Yes, it does look like the marsh crane of the Bengal countryside. I am startled by the Bengali word for the bird, so unusual in my brother's mouth, together with the childhood name he hasn't called me in years.
It was monsoon vacation. We were visiting third uncle, out in the country. The rain had stopped briefly, and we ran out under the low, dark clouds, jumping into puddles with the special joy of city children. Ashu, who was three, imitated everything I did. We ran all the way past the sugarcane fields with their peculiar swishing sounds, their wonderful wet smell, and suddenly we came across them, a whole flock of sharash feeding in the submerged rice fields.
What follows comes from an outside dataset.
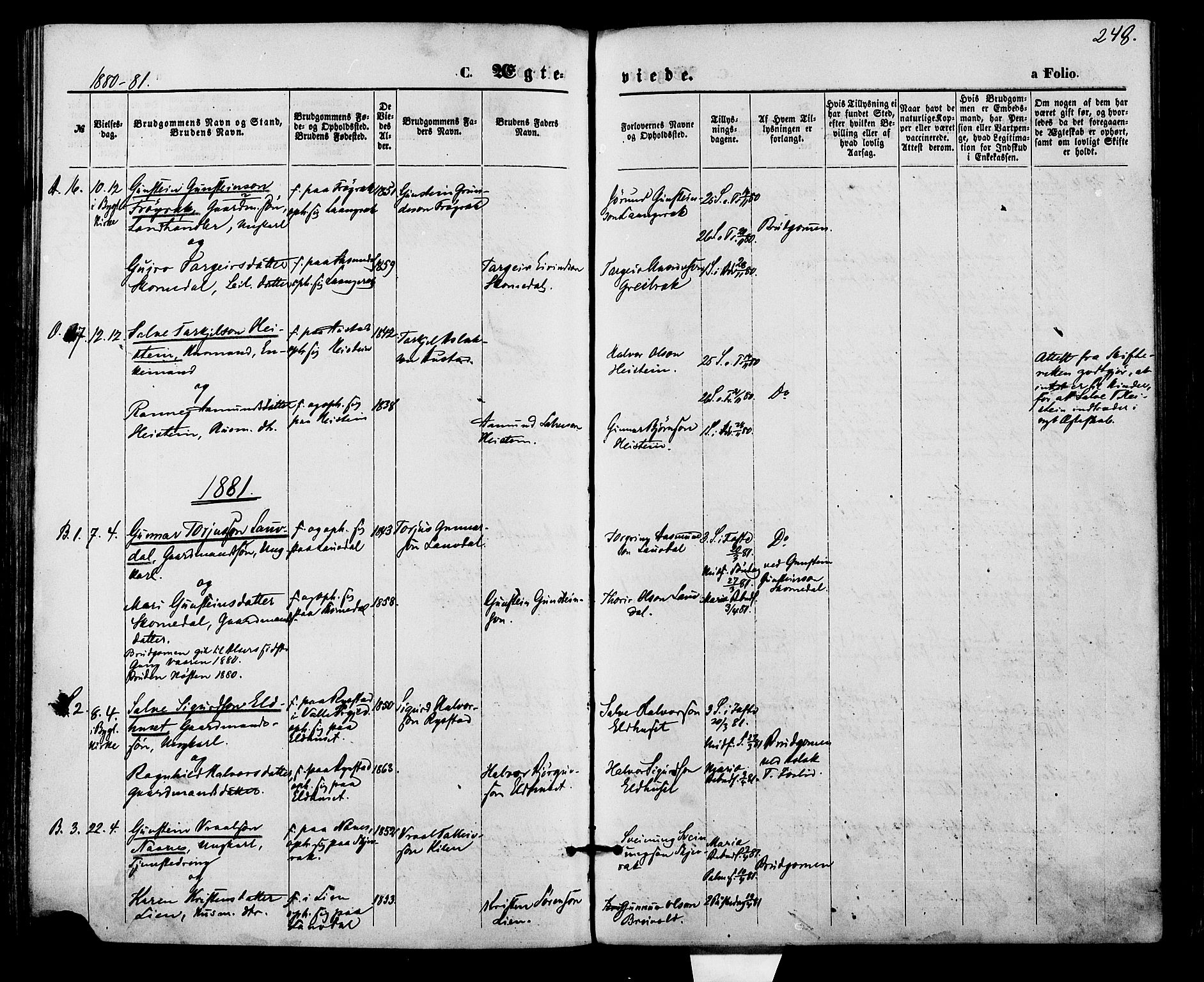 Bygland sokneprestkontor, SAK/1111-0006/F/Fa/Fab/L0006: Parish register (official) no. A 6, 1873-1884, p. 248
My brother clapped his delighted hands, look, Didi! as the birds flew up, an arc of silver air, a sky of flashing wings. We stood with our arms around each other, watching, till they disappeared.
The ferry is closer now, and everyone is looking at the bird. Even the raucous young men are quiet. The bird looks back at us, its eyes shining like rubies, like beads of blood. Through a gap in the clouds the sun is a low red ball that hangs over the edge of the lake. Lake Champlain, the name comes to me suddenly. The bird takes off, beating its powerful wings, wheeling gracefully over our heads. I'm almost certain that my brother can't remember that long-ago day in India. Still, I step closer and touch the sleeve of his parka. He looks as though he might move away. Then he puts his arm around my shoulders and gives them a brief, awkward hug. And I know I can't give up yet. There's got to be a path back to where we started from, however narrow, however icebound, however slow.
I'll start on it tonight. Tonight I'll tell my brother what I came to say. I'll say it simple and clear, with no hidden agendas. No guilt. No blame. Maybe he'll listen, and maybe he won't. But for the moment the wind has stopped, and it is enough to stand here, shoulders touching, watching the white bird fly directly into the sun.